* Work task
The expected result is the material below, reproduced exactly from its first line through the line containing "unghie dark nail".

* Dataset records
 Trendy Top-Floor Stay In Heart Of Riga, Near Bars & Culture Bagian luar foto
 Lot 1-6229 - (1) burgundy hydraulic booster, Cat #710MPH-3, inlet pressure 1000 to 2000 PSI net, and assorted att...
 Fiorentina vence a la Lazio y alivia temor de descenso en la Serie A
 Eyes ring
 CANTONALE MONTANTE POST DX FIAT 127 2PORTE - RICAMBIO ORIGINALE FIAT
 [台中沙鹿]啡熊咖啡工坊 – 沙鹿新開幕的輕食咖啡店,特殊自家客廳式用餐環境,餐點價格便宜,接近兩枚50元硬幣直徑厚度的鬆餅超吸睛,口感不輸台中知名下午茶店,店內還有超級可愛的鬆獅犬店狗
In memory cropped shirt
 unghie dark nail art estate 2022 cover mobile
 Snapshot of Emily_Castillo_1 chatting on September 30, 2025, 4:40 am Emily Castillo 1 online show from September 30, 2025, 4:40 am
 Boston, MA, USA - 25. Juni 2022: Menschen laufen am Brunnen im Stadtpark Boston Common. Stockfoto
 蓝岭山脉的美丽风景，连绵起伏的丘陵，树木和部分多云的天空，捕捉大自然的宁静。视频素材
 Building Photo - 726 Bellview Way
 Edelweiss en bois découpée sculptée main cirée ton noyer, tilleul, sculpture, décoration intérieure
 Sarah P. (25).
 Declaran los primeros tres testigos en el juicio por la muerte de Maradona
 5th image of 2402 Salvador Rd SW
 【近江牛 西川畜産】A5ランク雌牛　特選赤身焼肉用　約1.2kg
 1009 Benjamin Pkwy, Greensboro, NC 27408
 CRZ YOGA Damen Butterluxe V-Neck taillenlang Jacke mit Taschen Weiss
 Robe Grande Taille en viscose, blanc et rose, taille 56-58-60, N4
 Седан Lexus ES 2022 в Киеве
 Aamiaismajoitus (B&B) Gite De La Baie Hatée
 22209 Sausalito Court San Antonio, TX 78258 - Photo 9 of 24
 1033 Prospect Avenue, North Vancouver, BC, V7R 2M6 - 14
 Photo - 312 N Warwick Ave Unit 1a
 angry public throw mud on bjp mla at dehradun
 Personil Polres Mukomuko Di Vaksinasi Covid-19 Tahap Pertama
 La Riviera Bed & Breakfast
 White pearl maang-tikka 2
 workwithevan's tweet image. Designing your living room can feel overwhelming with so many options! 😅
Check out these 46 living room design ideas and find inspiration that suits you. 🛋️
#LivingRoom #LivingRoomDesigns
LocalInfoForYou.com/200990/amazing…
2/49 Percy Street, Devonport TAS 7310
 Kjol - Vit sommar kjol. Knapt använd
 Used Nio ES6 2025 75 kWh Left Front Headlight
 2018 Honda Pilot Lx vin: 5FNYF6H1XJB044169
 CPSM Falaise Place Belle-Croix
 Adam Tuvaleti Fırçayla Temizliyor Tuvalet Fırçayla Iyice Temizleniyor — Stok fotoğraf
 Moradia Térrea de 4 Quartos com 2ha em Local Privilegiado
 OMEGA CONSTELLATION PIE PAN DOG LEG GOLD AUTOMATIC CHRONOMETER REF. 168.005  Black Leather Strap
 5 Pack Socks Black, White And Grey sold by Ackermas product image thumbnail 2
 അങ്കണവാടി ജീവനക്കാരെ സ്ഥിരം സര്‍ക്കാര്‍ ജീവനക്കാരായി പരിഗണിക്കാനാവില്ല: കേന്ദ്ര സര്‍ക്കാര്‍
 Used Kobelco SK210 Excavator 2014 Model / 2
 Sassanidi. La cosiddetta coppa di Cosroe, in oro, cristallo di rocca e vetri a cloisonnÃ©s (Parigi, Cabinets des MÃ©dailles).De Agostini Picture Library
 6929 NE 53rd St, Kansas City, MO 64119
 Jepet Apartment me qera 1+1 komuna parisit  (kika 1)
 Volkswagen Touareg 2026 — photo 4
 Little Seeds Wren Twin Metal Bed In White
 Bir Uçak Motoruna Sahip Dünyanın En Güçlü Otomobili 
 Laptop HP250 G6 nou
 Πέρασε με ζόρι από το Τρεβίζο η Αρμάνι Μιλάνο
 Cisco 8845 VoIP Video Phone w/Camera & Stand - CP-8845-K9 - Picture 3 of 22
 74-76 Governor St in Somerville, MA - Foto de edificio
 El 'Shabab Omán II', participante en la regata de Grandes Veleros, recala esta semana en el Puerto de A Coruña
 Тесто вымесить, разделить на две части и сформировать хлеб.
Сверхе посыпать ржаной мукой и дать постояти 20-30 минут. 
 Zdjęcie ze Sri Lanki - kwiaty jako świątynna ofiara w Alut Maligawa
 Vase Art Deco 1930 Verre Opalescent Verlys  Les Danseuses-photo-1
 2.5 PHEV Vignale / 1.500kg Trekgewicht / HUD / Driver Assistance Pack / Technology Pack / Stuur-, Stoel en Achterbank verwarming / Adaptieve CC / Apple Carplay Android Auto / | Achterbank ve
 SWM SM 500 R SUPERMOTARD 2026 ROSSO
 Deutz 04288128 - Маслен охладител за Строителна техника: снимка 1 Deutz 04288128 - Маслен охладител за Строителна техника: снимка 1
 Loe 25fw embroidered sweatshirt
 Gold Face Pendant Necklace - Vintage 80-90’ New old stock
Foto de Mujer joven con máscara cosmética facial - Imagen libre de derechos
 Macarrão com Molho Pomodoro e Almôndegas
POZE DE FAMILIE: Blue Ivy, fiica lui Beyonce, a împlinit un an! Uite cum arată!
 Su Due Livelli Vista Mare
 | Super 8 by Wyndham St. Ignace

* Result
 Trendy Top-Floor Stay In Heart Of Riga, Near Bars & Culture Bagian luar foto
 Lot 1-6229 - (1) burgundy hydraulic booster, Cat #710MPH-3, inlet pressure 1000 to 2000 PSI net, and assorted att...
 Fiorentina vence a la Lazio y alivia temor de descenso en la Serie A
 Eyes ring
 CANTONALE MONTANTE POST DX FIAT 127 2PORTE - RICAMBIO ORIGINALE FIAT
 [台中沙鹿]啡熊咖啡工坊 – 沙鹿新開幕的輕食咖啡店,特殊自家客廳式用餐環境,餐點價格便宜,接近兩枚50元硬幣直徑厚度的鬆餅超吸睛,口感不輸台中知名下午茶店,店內還有超級可愛的鬆獅犬店狗
In memory cropped shirt
 unghie dark nail art estate 2022 cover mobile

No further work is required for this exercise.